- Born: August 5, 1924 Athens, Georgia, US
- Died: August 15, 1987 (aged 63)
- Occupations: Silversmith, goldsmith, and enamelist

= Ann Orr Morris =

American metal artist and silversmith (1924-1987)

Ann Orr Morris (August 5, 1924 – August 15, 1987) was an American silversmith, goldsmith, and enamelist. She died in her hometown of Athens, Georgia, the victim of a triple homicide.

== Life and work ==
After graduating from the University of Georgia (UGA), Morris studied the art of metalwork in New York and in Europe. Margaret de Patta, Philip Morton, and Adda Husted Andersen all influenced Orr Morris's style. She served a four-year apprenticeship under Husted-Andersen and the two spent an additional brief time working together at the David-Andersen Factory in Oslo, Norway.

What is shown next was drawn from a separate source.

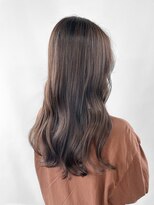 オル(Olu)&nbsp;【MASAYA】シークレットハイライトカラー×グレージュ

Though best known for her metal jewelry creations, Orr Morris was also a skilled watercolorist. Describing Orr Morris's work, University of Georgia professor and metalworker Rob Jackson said, "One was, at first, struck, by the apparent simplicity of the objects. Deeply rooted in the 1950's search for form, there is almost a sense of innocence in the work."

In 1957, Orr Morris attended a writer's workshop at the University of Georgia led by writer Flannery O'Connor. Her recollections of O'Connor were featured in a 1991 article in Athens Magazine.

Nashville-born crafter of gold and silver jewelry and maker of sterling silver holloware, Conn Harris West, studied with Orr Morris. Silversmith Charles Rowland was also her student.

== Death and legacy ==
On August 15, 1987, at age 63, Orr Morris was attacked with a hatchet by Clinton Bankston Jr., a 16-year-old Athens resident who had killed two other retired University of Georgia (UGA) professors during a burglary four months earlier, in April 1987. The murder happened in the home of Ann's sister, Sally Nathanson, in the Carr's Hill neighborhood. Her sister Nathanson, and her 22-year-old adopted daughter, Helen, were also murdered. The women were found after Morris's husband reported her missing.

From September 24 to November 13, 1994, the Georgia Museum of Art held a posthumous exhibit honoring Orr Morris. The museum produced a 69-page catalog, entitled Ann Orr: Silversmith, Goldsmith, & Enamelist, to accompany the exhibition. Orr Morris's close friend, watercolorist Martha Odum (wife of ecologist Eugene Odum) traveled the Southeast to collect jewelry for inclusion in the exhibit. Odum also oversaw the photography of the pieces for the exhibition catalog. Former UGA professor and metalsmith, Gary Noffke served as one of the editors of this catalog.

The Ann Orr Morris Memorial Fund provides funds to bring visiting artists to UGA's Lamar Dodd School of Art to deliver lectures and workshops on jewelry-making and metalwork.